Com menos de um mês de lançado, "Title" já está
beirando o milhão de discos físicos vendidos, o que, em se tratando da
combalida indústria fonográfica atual, já é um verdadeiro feito. E a saga da gordinha gostosa, pin up loira e
encantadora, ainda nem começou.
É preciso que
se diga, “Title” é um disco de pop music. Então que ninguém espere a salvação do que
quer que seja nas suas quinze faixas. O
que se encontra lá é música translúcida e cristalina, sem os enxertos
modernosos do pop recente e com os dois pés afundados nas sonoridades soul dos
anos 50 e 60, sem deixar em nenhum
momento de soar atual. E é aí que a
cantora ganha o ouvinte. Sem ser um mero
pastiche de décadas passadas, “Title” é uma
verdadeira lufada de ar fresco em um cenário entupido de cantoras patricinhas, feitas
de plástico e recém-saídas de musicais do tipo Glee e High School Musical.
No disco há a
alegria fifites da faixa título, uma das melhores do disco; a participação da lenda John Legend (perdão
pelo infame trocadilho) em “Like I’m Gonna Losing You”, uma vibrante canção
soul de belíssima linha melódica. Há também o flerte com o hip hop em “Bang Them Sticks”
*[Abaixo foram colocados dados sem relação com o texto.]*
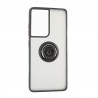 Capac Protectie Spate Colectia Soft Shape With Ring Pentru Samsung Galaxy S21 Ultra - Negru Rosu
e há, claro, “All about that bass”, forte candidata a música, senão do milênio ou da década, pelo menos do
ano do Senhor de 2015. Não por acaso, a cantora derrapa em “Mr. Almost”, com
participação do rapper Shy Carter. Mas
nada que comprometa o todo.
A capacidade e
técnica vocais da pin up dourada e encantadoramente feminina lembra, em muitos momentos, a falecida Amy Winehouse, mas o impacto que ela quer causar é algo mais parecido
com o que Cyndi Lauper fez quando pegou
o mundo de surpresa no início dos anos
80, ironicamente, com um divertido libelo feminista.
Ela tem apenas 21 anos e exala
juventude, mas já é um nome certo para ser guardado e lembrado, pois será uma das grandes cantoras e
compositoras da segunda metade desta década.
Ah, sim, o nome dela? Grave bem: Meghan Trainor. A gordinha gostosa de se ouvir.